Angkor 17 years after is "same same but different".. Same grandeur and beauty.. Same angles of peace, of deep shadows, of hidden atmospheres.. But different in the crowds that now climb on it's stones, take snapshots in front of the carvings, scream in the corners of the temples.. Tens of thousands of visitors from all over the world (but mostly Chinese) have transformed the place in yet another mass-tourism destination, to be visited with no real interest in mind: just another souvenir photo to show friends back home, of this place "in Asia", no more to add..
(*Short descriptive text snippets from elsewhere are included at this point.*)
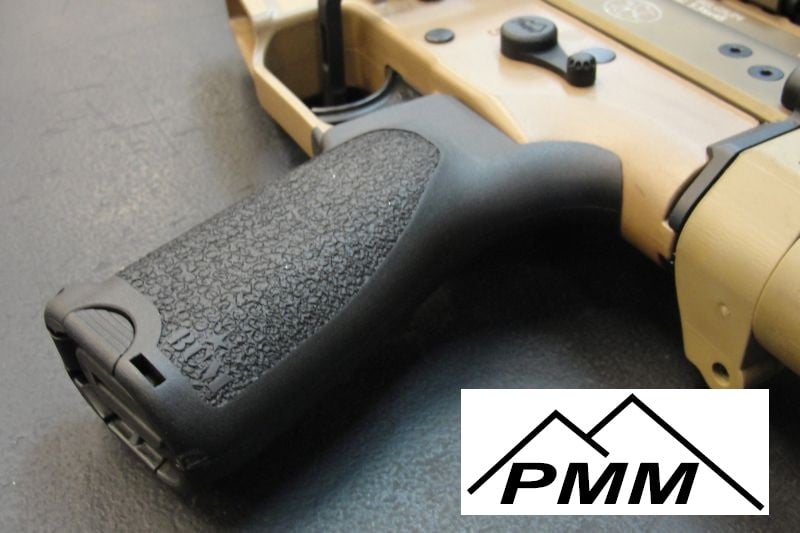 PMM Modified BCM Mod-3 Grip for FN SCAR - Image 2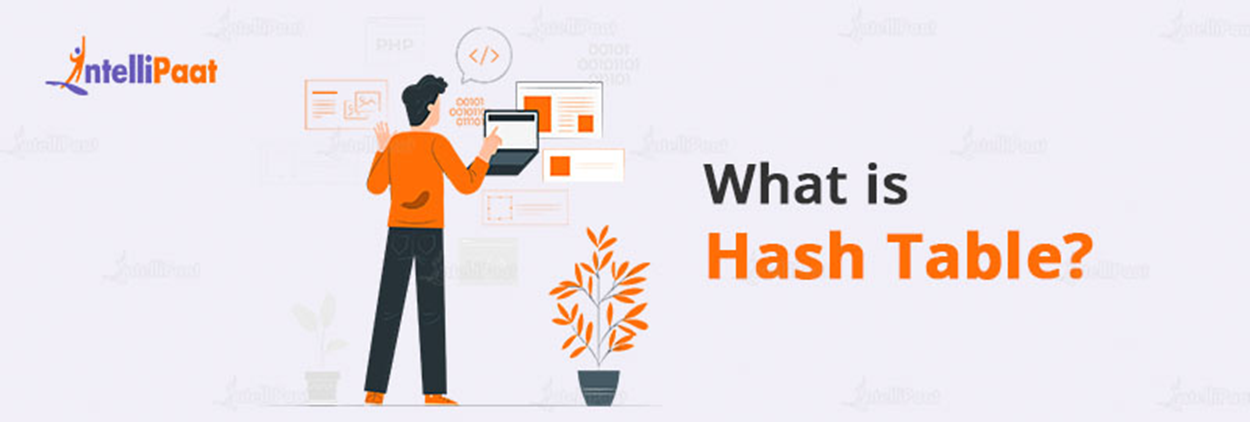 What is a Hash Table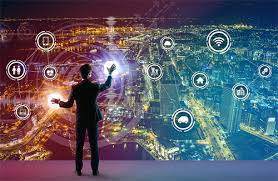 Chuyển đổi số, IoT và phân tích dữ liệu có thể tạo ra giá trị mới trong xã hội như thế nào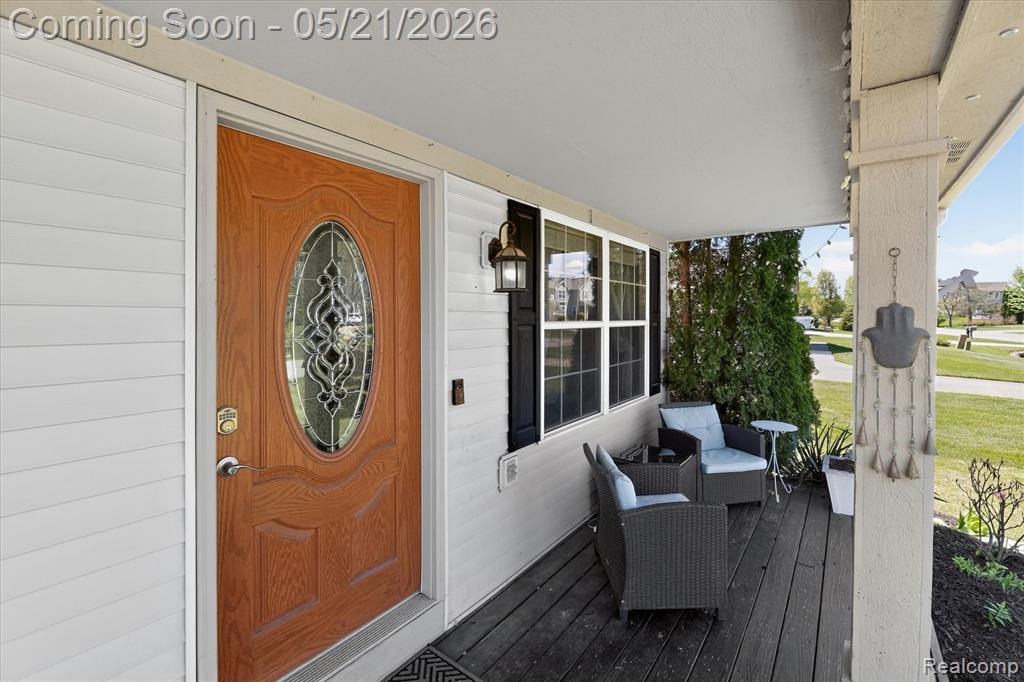 5425 Blossom Lane, Linden, MI 48451 — Photo 4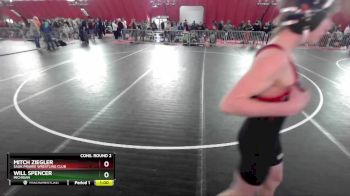 Replay: M4 - 2024 Folkstyle TOA Dominate in the Dells | Mar 10 @ 9 AM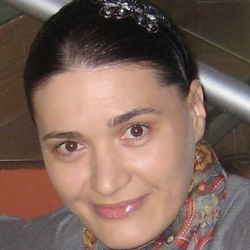 Violeta Vulovic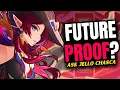 Download Lagu Will Chasca Get BUFFED in Nod Krai? (Build \u0026 Teams, Ask Jello Chasca)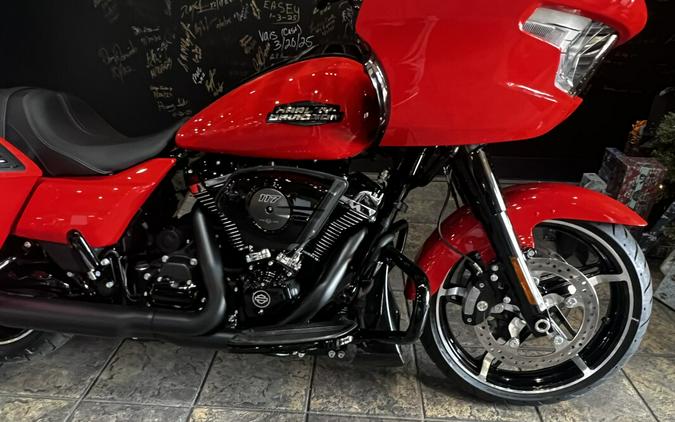 FLTRX 2026 Road Glide®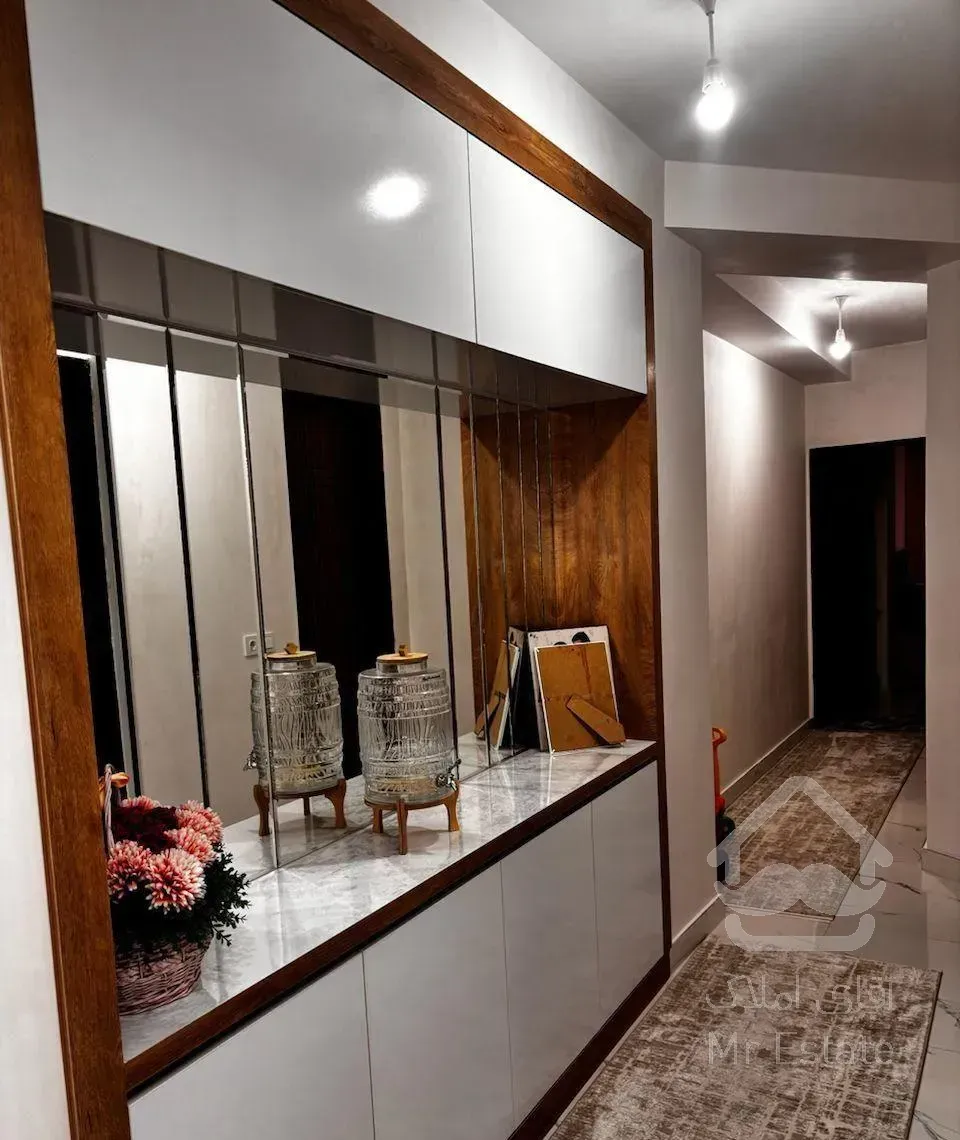 اجاره واحد ۲۰۰ متری صفر کلید نخورده در امین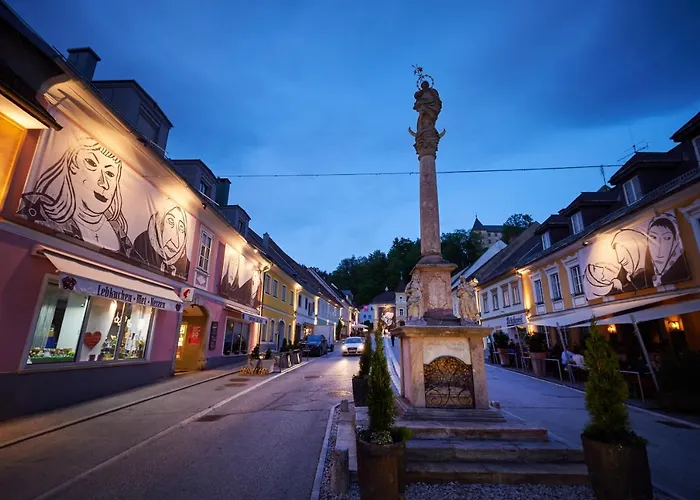 Pensjonat Brauhaus Breznik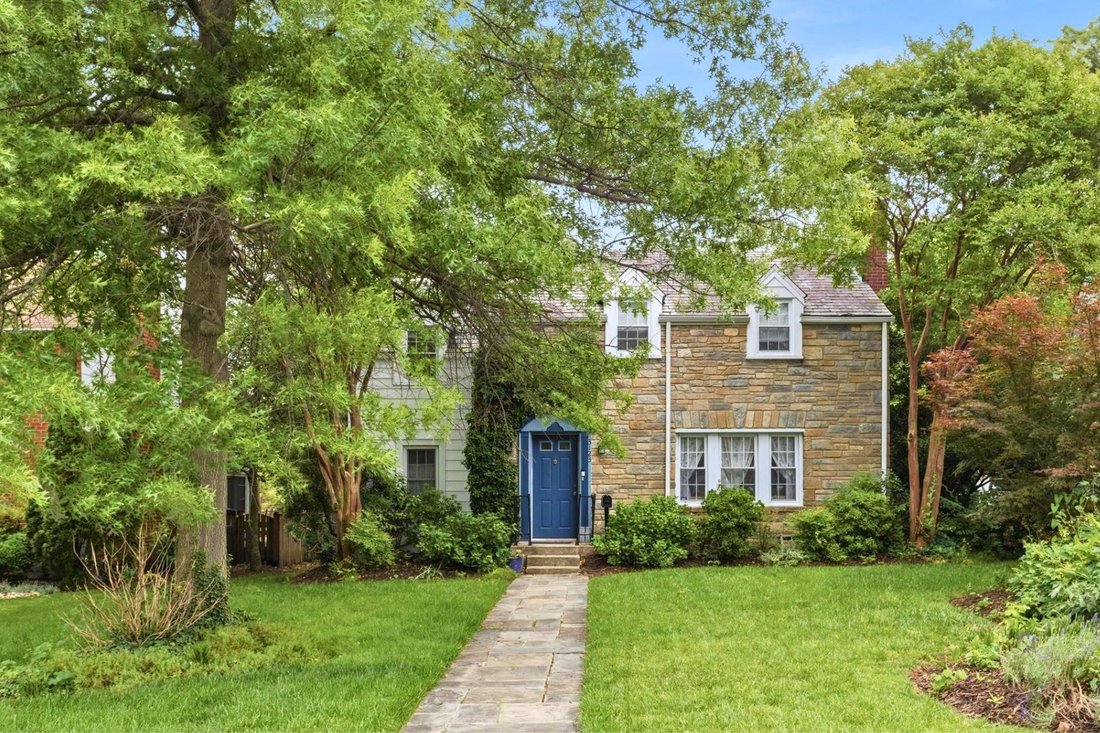 House in Greater Landover, Maryland, United States 1 - 18269962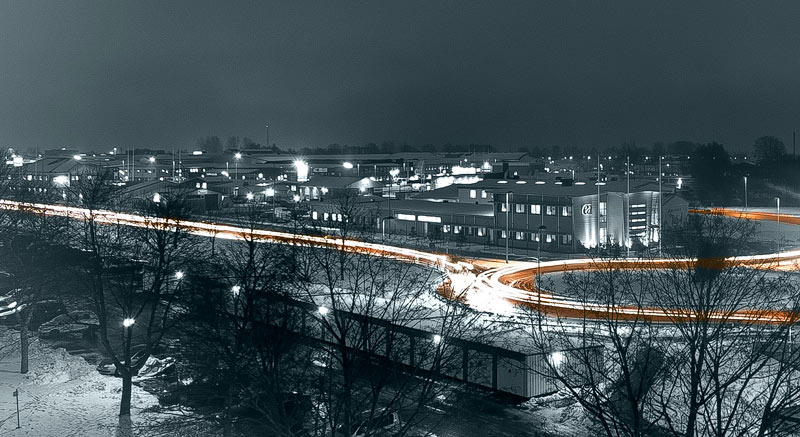 Flytt av hemsida - migrera webbplats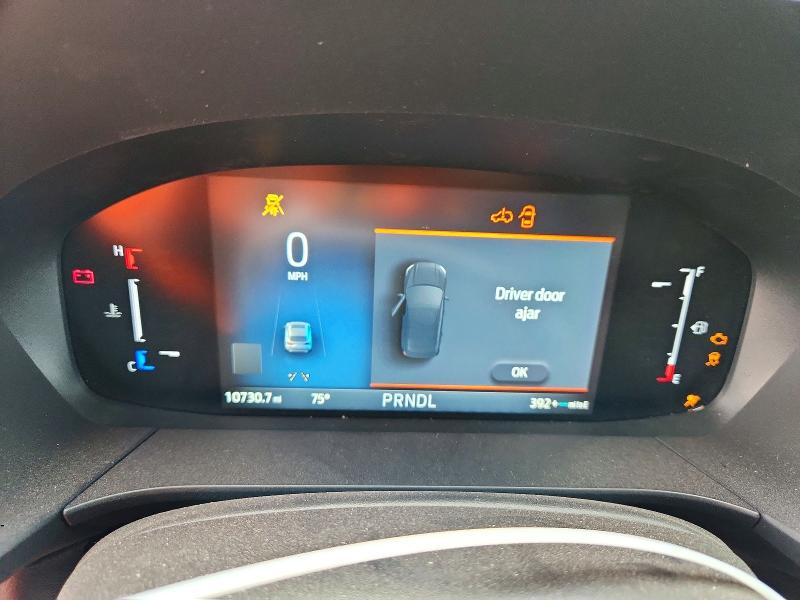 Photo 9 from auction – 2026 FORD ESCAPE with VIN 1FMCU0E19TUA15334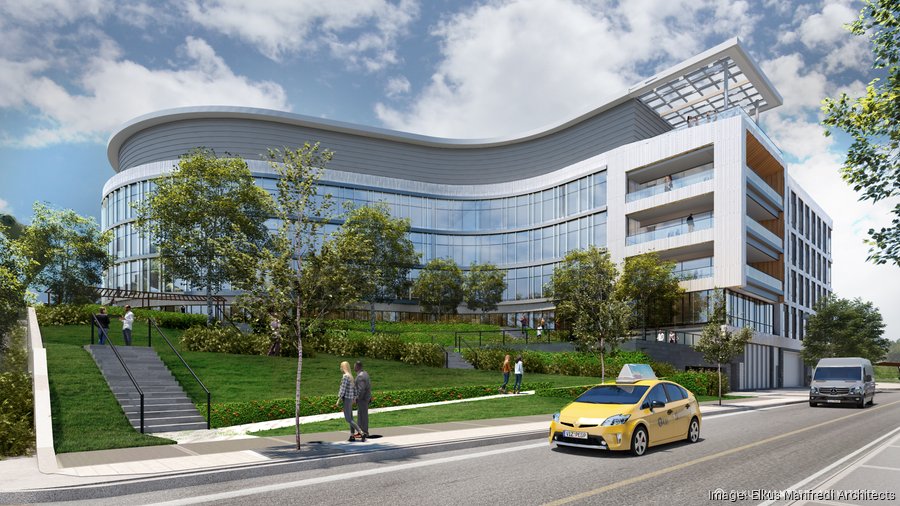 Labs planned for Watertown as city seen as an alternative to Kendall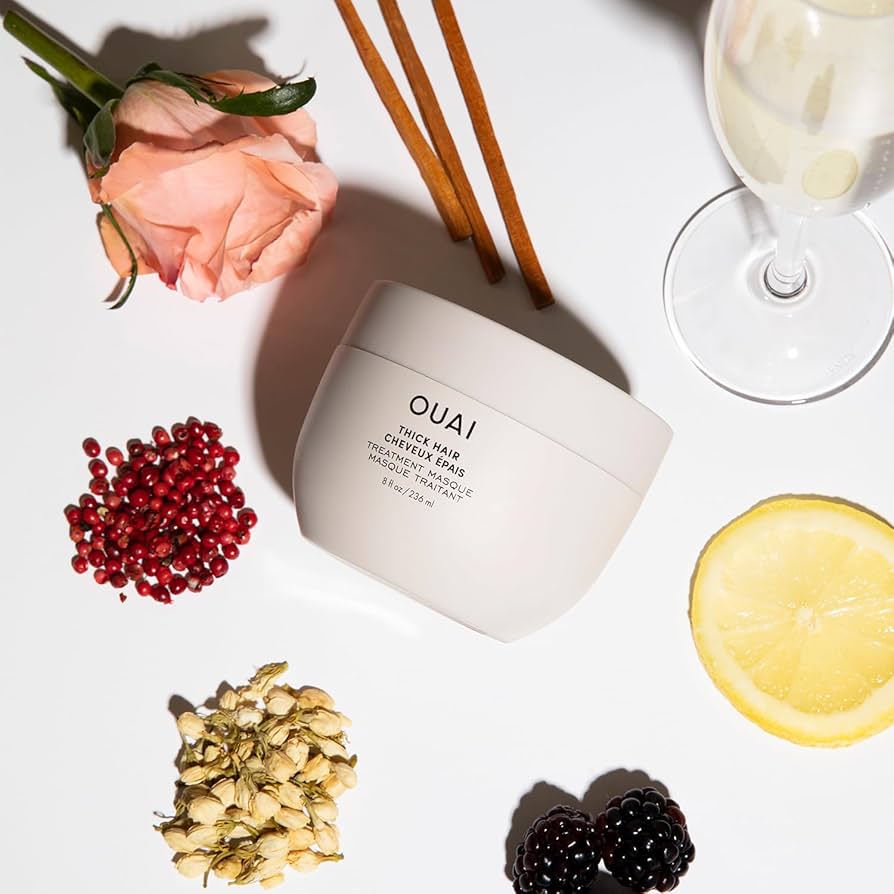 Ouai Thick Hair Treatment Masque 236ml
I've been complaining of this over and over again. Useless to criticize this business that moves crowds with no real interest or knowledge in the most beautiful places in the world, de facto destroying any atmosphere and pleasure to visit them. Who am I to denounce, coming from Florence, one of the first and most notorious victims of this?
To those that affirm the right of everybody to visit nice places I answer that only people moved by real knowledge and interest should be allowed to go. To go just because a place is in a organized itinerary is just human pollution, depriving really interested people from fully enjoying something they may have been wishing to visit for years.
But my real point is more personal: did I contribute with my work to this pollution? Was my travel photo-journalism encouraging this dramatic evolution (like some friend suggested)?
No, not really, thanks God!!! What I've been publishing for years were ideas and particular destinations.. The magazines I worked for were in fact suggesting how to avoid the clichés and look to different places, or how to look at the same places in a different light. An elite mission that has sinked with the decadence of culture altogether.
It's news of last week that the Italian travel magazine VS has folded. VS was in fact what was left of the original Weekend magazine, the most prestigious travel publication in the 80's and 90's. On it's pages I published the most experimental works: digital manipulations as early as 1996. Video recorded images in 1998. A way of seeing that not even CN Traveler US had started yet.. And many friends contributed to that effort..
Paolo, the last editor, told me last week that "he'll spit to those that will talk of quality again".. and he's probably right, since quality did not save the magazine, the jobs, the message.. Still I think it was worth doing it: for the few and fewer people that appreciated it, for the sake of personal accomplishment, for ourself... Thanks guys, it was great! Let's start something as good as that! Just for the sake of it!!!